8 – EXCALIBUR: LA SPADA È TRATTA

(Excalibur Special Edition, 1988)
Chris Claremont ha sempre avuto la fortuna, o il merito, di farsi accompagnare da signori artisti per illustrare lo storie da lui scritte. Alan Davis è uno di questi e, proprio insieme al disegnatore britannico, X-Chris diede vita al supergruppo mutante di Excalibur con base in Gran Bretagna. I due realizzarono i primi 34 numeri della serie regolare, che furono un unico folle tour nel multiverso Marvel, ma tutto iniziò da questo numero speciale, un’unica lunga storia che introduce nuovamente Capitan Bretagna nell’universo Marvel e racconta la nascita del gruppo.

9 – CROCEVIA

(Uncanny X-Men #274-275, mar.-apr. 1991)
Il 1991 è l’anno dell’addio di Chris Claremont agli X-Men. Eppure, nonostante i rapporti ormai logori con l’allora editor delle testate mutanti Bob Harras e il potere decisionale sempre maggiore dell’astro nascente del fumetto Jim Lee – disegnatore di Uncanny – lo scrittore britannico crea nell’ultimo anno al timone delle storie alcuni piccoli gioielli. Si comincia con il dittico Crocevia nel quale l’autore porta a compimento il percorso di sviluppo del personaggio di Magneto per arrivare, alla fine, a dimostrare che il personaggio è oltre la redenzione. In una decade, a partire da Uncanny X-Men #150, Claremont ha trasformato Magneto da fanatico villain monodimensionale in uomo dalla personalità complessa, un sopravvissuto della Shoah, votato al combattimento di una eterna guerra per evitare che i mutanti subiscano gli stessi odio e violenza che hanno oscurato la sua infanzia. Probabilmente la più grande storia claremontiana su Erik Lehnsherr, Crocevia rappresenta la rappresentazione più vera del personaggio e dimostra quanto esso sia cresciuto e si sia evoluto sotto l’ala dell’autore.

10 – FINE DEL GIOCO

(X-Factor #65-68, apr.-giug. 1991)
Sebbene la storia sia nata dalla necessità editoriale di far sì che il personaggio di Ciclope lasciasse X-Factor così da potersi riunire agli X-Men, Fine del gioco è un’altra piccola perla di Claremont. Nonostante sia chiamato unicamente a sceneggiare la saga come ospite, affiancando Whilce Portacio che oltre ai disegni si occupava della scrittura, X-Chris infonde a tutta la narrazione il suo stile arguto e drammatico. Con questo tono, l’autore approfondisce la figura di Scott Summers non come supereroe o come membro di una minoranza perseguitata, ma come un padre in procinto di prendere una decisione straziante. È questo nucleo emotivo, la profondità con cui lo scrittore rappresenta un genitore disposto a un sacrificio enorme per salvare il proprio figlio, che fornisce alla storia un senso tragico così profondo.

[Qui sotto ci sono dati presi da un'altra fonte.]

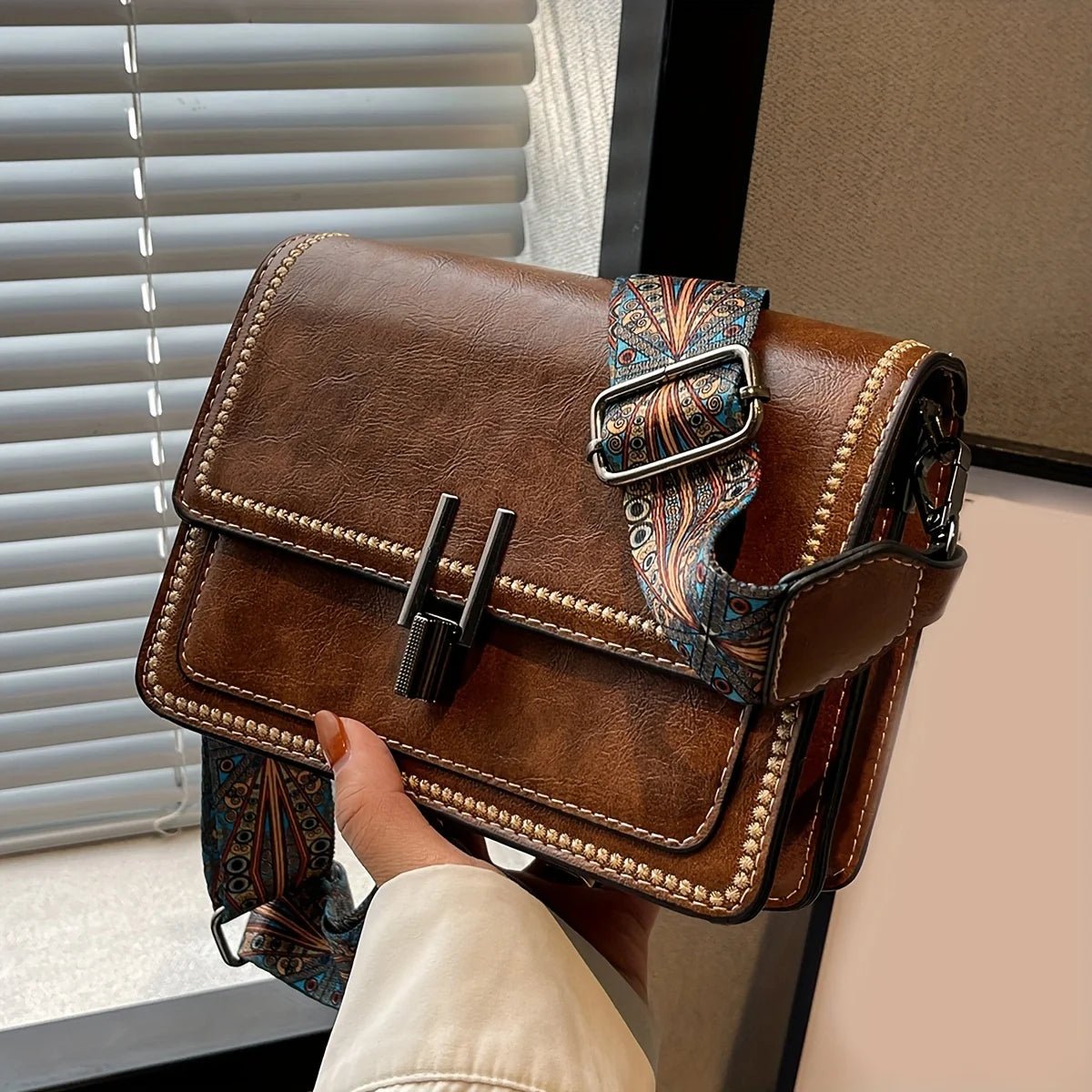 Sac Vintage Élégance Structurée - FoytiShop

Mancano pochi mesi all’addio di Claremont, ma la strada è già aperta per il suo testamento spirituale.

11 – GENESI MUTANTE

(X-Men vol. 2#1-3, ott.-dic. 1991)
È questo l’ultimo story arc scritto da Claremont che, per l’occasione, inaugura la seconda testata mutante disegnata da Jim Lee, nel momento del massimo successo che le X-testate raggiunsero all’inizio degli anni ’90. Genesi mutante è un finale forte, una specie di summa e chiusura epica magistralmente realizzata per una corsa narrativa durata quindici anni. Per far ciò, l’autore riprende uno dei suoi personaggi più amati, Magneto, e ne scrive, una volta di più, una delle più belle storie.
Ogni dialogo contenuto nei tre numeri – soprattutto quelli di Xavier e Magneto – compongono una sorta di testamento ideologico che Claremont lascia in eredità ai suoi successori, che a suo tempo analizzai approfonditamente qui.